Моя служебная деятельность прошла в дали от Петрограда. В редкие мои посещения столицы я имел случай видаться с Владимиром Ивановичем и обмениваться с ним мыслями. Как человек живой и весьма отзывчивый на современные события, он не оставался на одной точке, но эволюционировал соответственно ходу политических событий и согласно переменам в русской общественности. Не могу не отметить двух наблюдений. Во время франко-прусской войны и вслед за ней он выражал большие опасения
за будущий ход дел в Европе, именно в виду опасного преобладания германизма, которому мы не в силах дать отпора. Очень хорошо помню, как пристрастно он оценивал некоторые проявления борьбы против прусской гегемонии в южногерманских государствах и как преувеличивал опасность для Пруссии в социалдемократическом движении. Его политическое credo состояло в том, что в образованной Бисмарком германской империи неизбежна реакция и что Россия много виновата в том, что попустила ослабление Франции.Более резко сказывалась политическая эволюция Владимира Ивановича в его воззрениях на отношения России к славянам. Охлаждение его к задачам России в освободительной борьбе славян против притеснителей на западе и юго-востоке выразилось в довольно определенной форме. Интересы русского мужика, утверждал он, его радости и горе, благосостояние или нищета нам гораздо важней, чем интересы наших единоплеменников, – против этого никто не может спорить. Но если принять во внимание им же раньше выражаемые мысли, что мировое значение России заключается в славянстве, в сохранении его от порабощения соседей, то, конечно, судьбы славян не могут быть для нас безразличны.

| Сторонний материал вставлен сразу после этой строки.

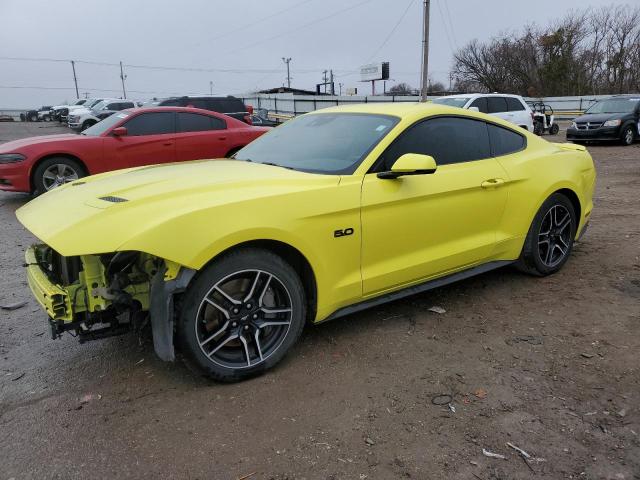 VIN 1FA6P8CF9M5148196 Ford Mustang GT 2021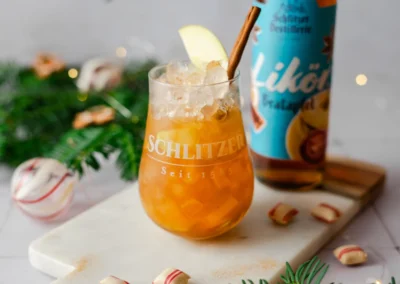 Bratapfel Mandel Cocktail – Rezept für winterlichen Genuss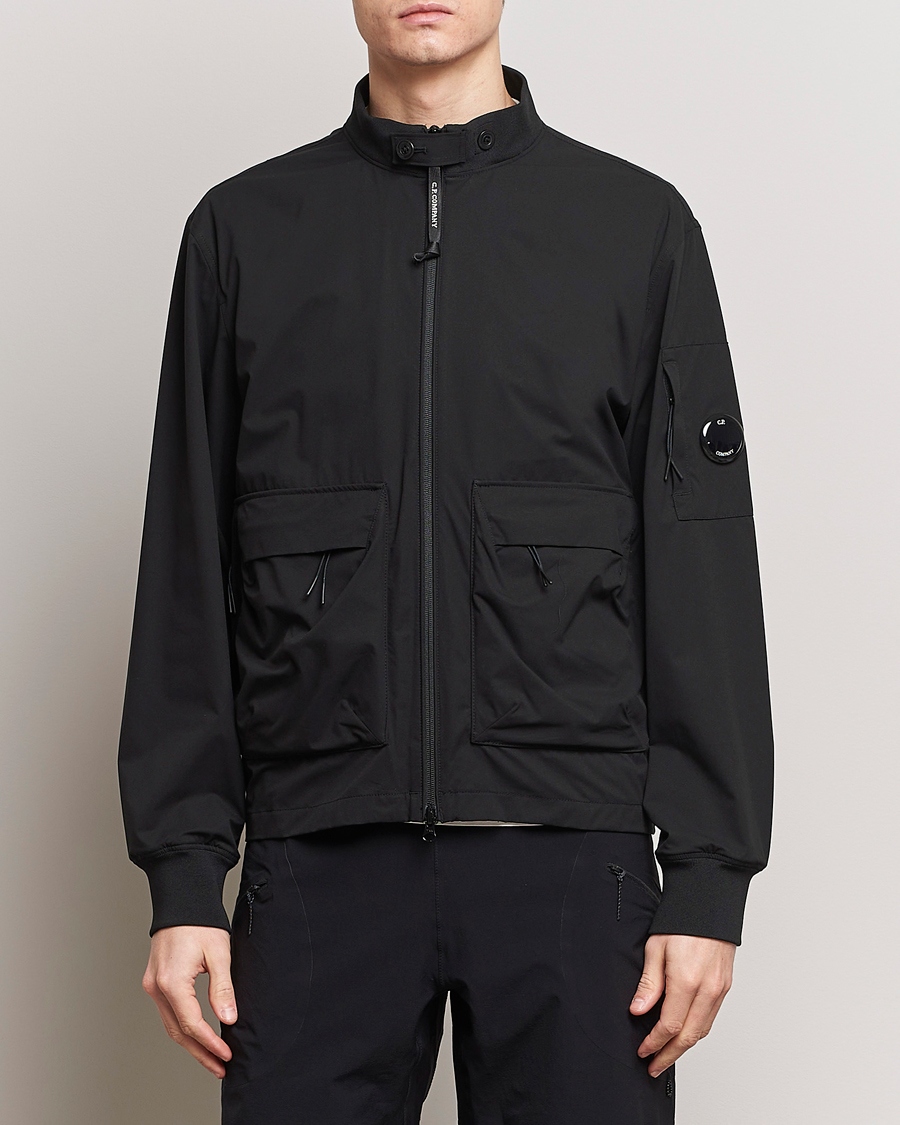 Herren | Frühlingsjacken | C.P. Company | Pro-Tek Windproof Stretch Jacket Black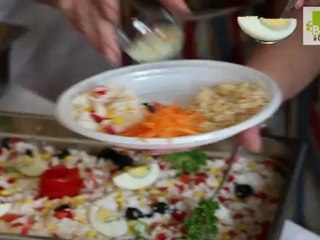 Barbecue avec les séniors à l'Espace Charlotte-Ansart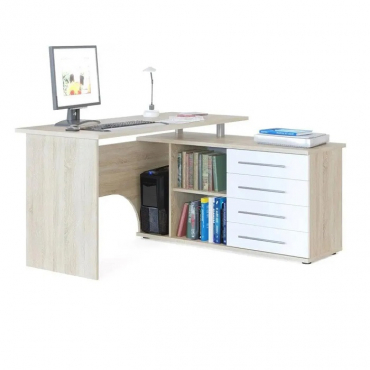 Стол с ящиками для хранения/тумбой - «globural.ru» - Серов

Мне всегда представлялось любопытной проблемой: видеть Владимира Ивановича во главе политического органа и предоставить ему с всеми его учениками разработать программу и руководить общественным мнением. С его талантом, настойчивостью и политическим образованием он мог бы, казалось мне, с успехом занять вакантное после аксаковых, киреевских и хомяковых место.
В заключение укажу ещё одну черту, меня в свое время глубоко поразившую. -Отношение ученика к учителю и обратно. Посещение своего профессора мы рассматривали с таким же чувством, как любовное свидание. – Образы <патриарха> Фотия и Ф. Студита.
Примечания
:1 Успенский Федор Иванович (1845-1928) – крупнейший русский византинист и славист, один из “отцов” отечественной университетской византиноведческой науки; бессменный директор Русского археологического института в Константинополе (РАИК), профессор Новороссийского университета. Автор первого в России обобщающего труда по истории Византии, охватывающего весь период ее существования. Это сочинение, работу над которым ученый считал "делом всей жизни", желая представить широко доступную панораму культуры Византии, в силу трагических обстоятельств оказалось полностью опубликованным лишь в конце ХХ в.( первый том "Истории Византийской империи" фирма "Брокгауз и Ефрон" издала в 1913 г. Автор отмечал в Предисловии, что "утверждение знаний о Византии и выяснение наших к ней отношений в высшей степени обязательно для русского ученого и не менее полезно как для образования, так и для направления на верный путь русского политического и национального самосознания".) В 1996-1997 г.г. московское издательство "Мысль" опубликовало весь текст этого солидного исследования, однако в более чем скромной, почти аскетической форме по сравнению с задуманной ученым. Вместе с тем третий том этого издания содержит впервые увидевшую свет рукопись "Восточный вопрос".
доклад сделан 9 апреля 1915 г. в Историческом обществе при Императорском Петроградском университете В рукописи Ф.И. Успенского карандашом приписана также и фамилия Чернышевского.